とりわけNPO法人、インドではSection8Company(NGO)として活動している中ですでに生活している方はもちろん、日本にいる高校生や大学生の方からインドで活動したいという問い合わせをいただく。
一方で教育機関の方や親御さんとしては”なぜインドなのか”という疑問が付き纏うだろう。
とりわけ貧困地域の活動現場となると想像ができないことからくる恐怖、不安があり、そこへ行って活動したり学んだりする理由が求められ、高校生、大学生の口からは「親を説得して行きます!」といったことをよく耳にする。
その説得材料ではないが、私がインドで活動をし、日本の方を受け入れ、かつ教育機関の方々と話す中で「日本ではなかなか身につけられないがインドの現場だからこそ身に付けられるスキル」について記載する。

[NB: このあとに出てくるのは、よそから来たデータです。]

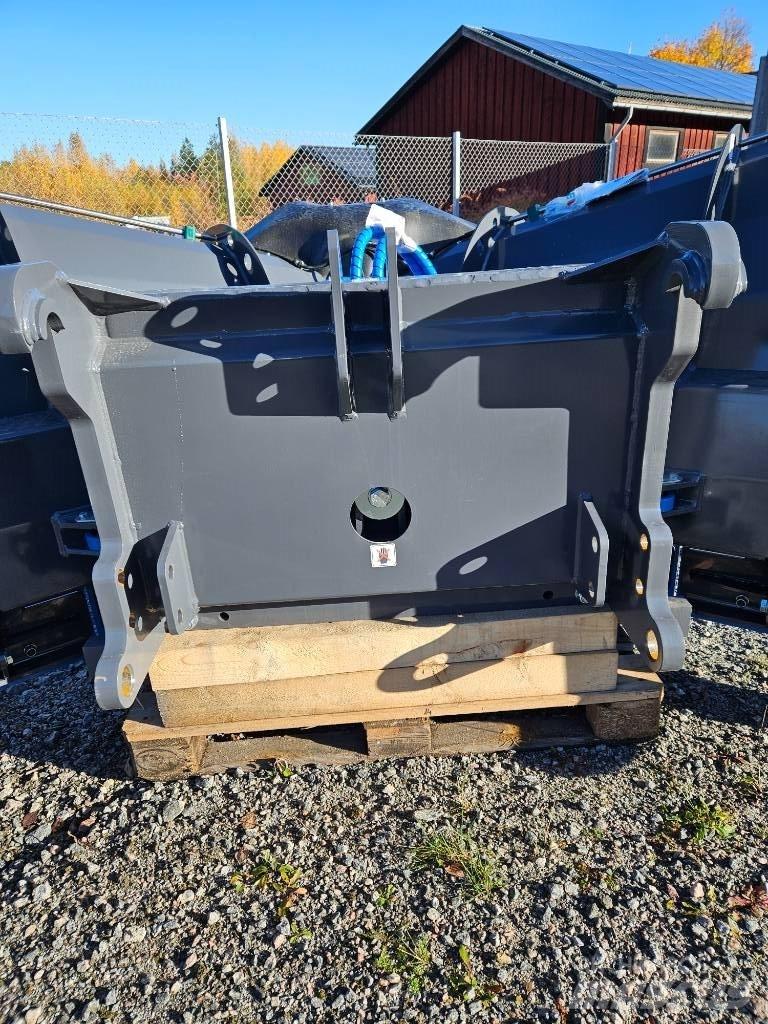 SE Equipment  3700 Ploughs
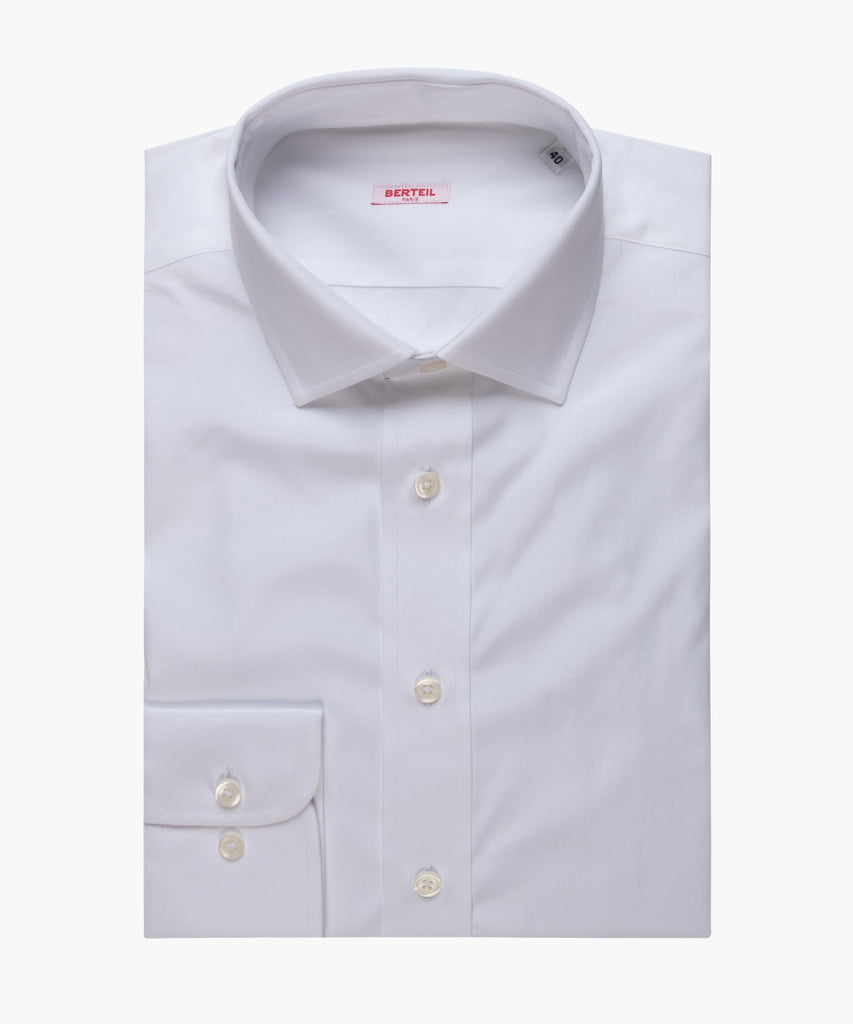 Chemise ajustée à petit col et poignets simples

結論は「他者の課題と向き合いそれを把握する力」だと考えている。
貧困現場では様々な課題を目にし、耳にする。
貧困、女性差別、人身売買、児童労働、違法ドラッグなど事例は枚挙に暇がないのだが、その具体的な事案に直面することもある。
当然これらの課題は日本だろうがどこにいようがインターネットを活用すれば”知識や理論を学ぶこと”はできる。
とりわけ開発学では実際の課題がある地域ではなくアカデミアとして、将来のキャリアとして有望なイギリス留学をまず考える方も多いだろう。知識を身につけることなど自己努力によって容易に実現する。
ではインドの現場では何を学び、上記のスキルが身に付くというのだろうか。
実際の活動現場ではまず現場の人間関係、人の行動する倫理観や選択の論理、それらの方々から信頼関係をえつつ情報を把握し、共に解決する計画を作り、現場の方と共に課題を解決していく。
順番として「まず解決策を外人が来て提案する」では必ずといっていいほど課題は解決されず、場合によっては課題を増やして去っていく者もいる始末である。
現場の方にとって、当たり前ではあるが日本人の方と同じように日々の生活があり、大事にしていることがある。
その中で理論やましてアカデミアの世界では”正しい”とされる解決策を”押し付けること”は現場の方々を”貧困地域に住んでいる課題解決の対象物”という程度でしか捉えられておらず、その方々から信頼をえて課題を把握して解決策を導入するなどということはそもそも現場の人が受け入れない。
一方で解決策がスムーズに受け入れられることもある。なぜならその解決策の実施においてお金や物を無料でもらうことができるからである。この結果課題が解決するのであれば良いが、往々にして課題を増やすことに繋がる。外人が支援してくれるから何もしなくていいという怠惰な精神の醸成や物が無料で配られることによって地元の事業者が販売できなくなり失業し、不要なものはゴミになり、ゴミ山ができる。解決策を導入した側の人間はうまくいかないと”あそこの人は怠惰”だから”あそこの人はできないから”などとレッテルを貼り、実験場のように捉えてすぐに去っていく。
このような当たり前の”理論”をインドの活動現場に居続け、同じ人間として人と向き合うことでインドで身に付けていくことはビジネスであれNGOであれ政治であれ「人の課題を解決して対価、報酬を得る」という活動を行う上では最も重要なのではないかと思われる。